Aquarela de Carmélio Cruz – 1964 – Porto Alegre
Porto Alegre, 23 – 8 – 82
Elizabeth, encontraste felicidade nas coisas simples: marido, casa, arvoredo, gado, e para alimentar a tua fantasia, as nuvens que, nos dias ensolarados, povoam o campo com um rebanho de sombras. Reencontraste o sabor do pão feito em casa, tu que por tanto tempo, te nutriste com o pó do asfalto da grande cidade. Eu te compreendo, mas não deixo de pensar na tua formação esmerada, nos teus companheiros, clássicos e modernos, da língua francesa.
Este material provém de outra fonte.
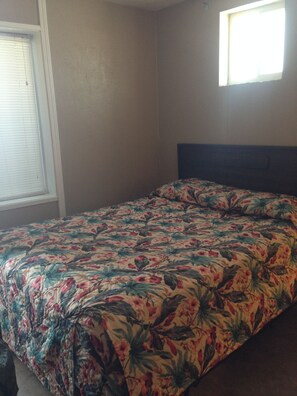 Basic-Einzelzimmer, 1 Queen-Bett | Kostenloses WLAN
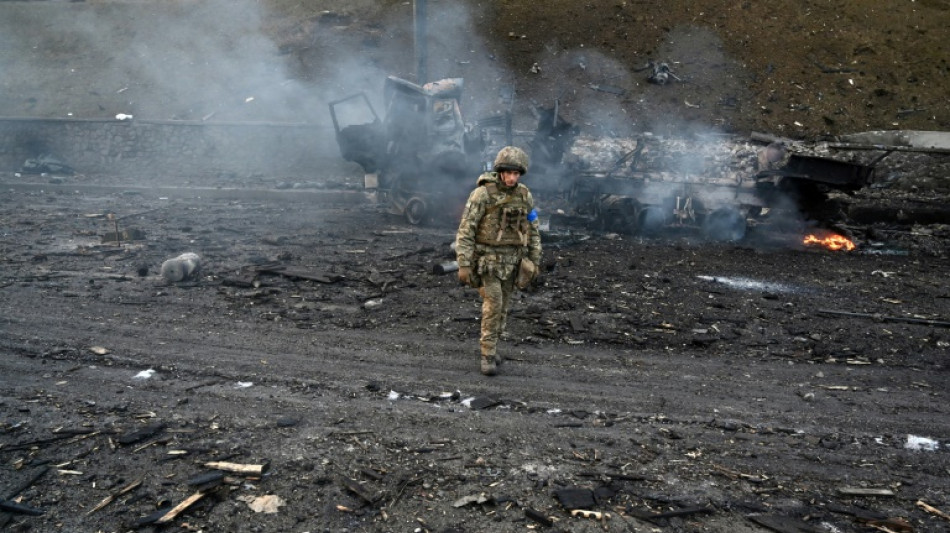 Combats &agrave; Kiev, les Occidentaux promettent des armes &agrave; l'Ukraine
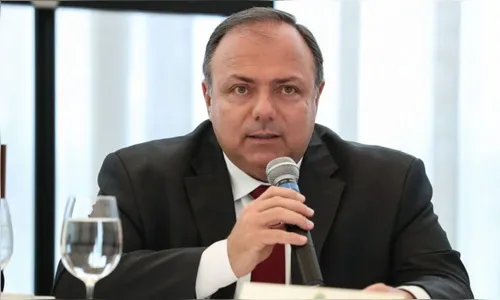 Em tratamento contra a Covid, ministro da Saúde é internado em Brasília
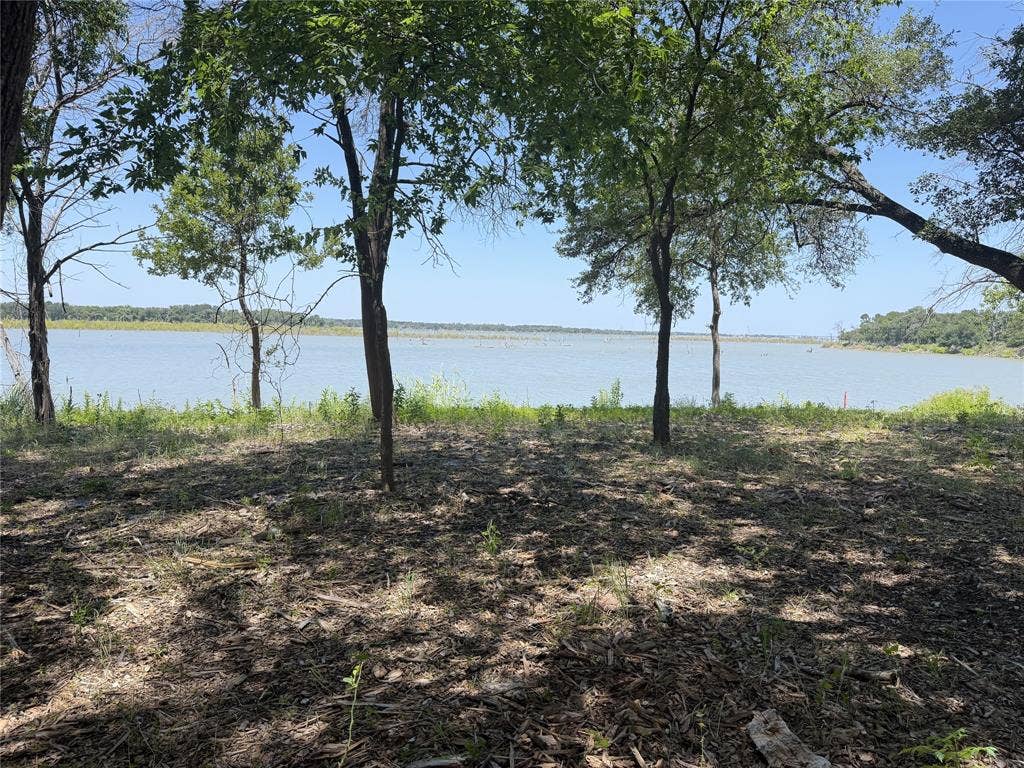 14014 Harbor Drive, Woodway, TX 76712 Lake access/view from base of property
Tu os abandonaste?Também gosto da vida da campanha – bem a conheço -, vida arrastada, modorrenta, feita de dias longos, demorados. Em Porto Alegre também há muito remanso, muito sossego. Mas eu não me deixo adormecer na madorra. É preciso, Beth, estar atilado, ouvindo atento como cão. Se não, Beth, a gente vira coisa, morre por dentro. Sim, amiga, no verão aceitarei teu oferecimento, iremos para o campo. Tenho saudade das rosetas, dos mata-cavalos, das marias-moles, das guanxumas e dos carrapichos que jogava, por judiação na corujinha da minha irmã preta. Hoje tudo isso é lembrança. Lamento os teus desacertos com os Moog, e as atribulações de teu marido. Espero que tudo termine bem. Eu também sinto falta dos amigos do Rio, não da cidade. Tenho trabalhado muito, de sol a sol. Envio-te um catálogo da minha exposição, realizada este mês. Escreve sempre que puderes. Maria te manda um abraço. Abraço também para teu marido. Conta sempre comigo. O Iberê
Porto Alegre, 7 – 6 – 84.
Cara Beth. Era uma noite muito escuro. Ao longe avistei um luzeiro: Santa Cruz. Pensei comigo: Beth mora numa estrela. Então passei silencioso, abafando os passos, para não acordar a princesa. A estrada, um lamaçal escorregadiço como sabão.À beira, no café, um magote de alemães beberrões e barulhentos.Gente boa, pacífica. Na carta pus junto o catálogo da exposição de Santa Maria. Um abraço afetuoso. O Iberê
Porto Alegre, 24 – 11 – 86.
Querida Beth. Lamento que tenhas perdido tua mãe. Eu ignorava este transe. Espero que meu carinho te sirva de conforto. Minha amizade te faça companhia. Continuo pintando, pintando e pintando. Acabei mais um quadro de grande formato intitulado Reminiscências. Neste quadro eu me transformo no pescador da Emulsão Scott, com um grande peixe às costas. Quando guri fui obrigado a tomar esse fortificante, o que fazia com repugnância. Acho que toda a minha geração foi lubrificada com esse óleo de bacalhau. Beth, quando vires a Porto Alegre vem ver o que faço. Tá bom? Não cultives a solidão, amiga. É bom que voltes ao trabalho. Dispõe sempre de mim. Do amigo de sempre, o Iberê.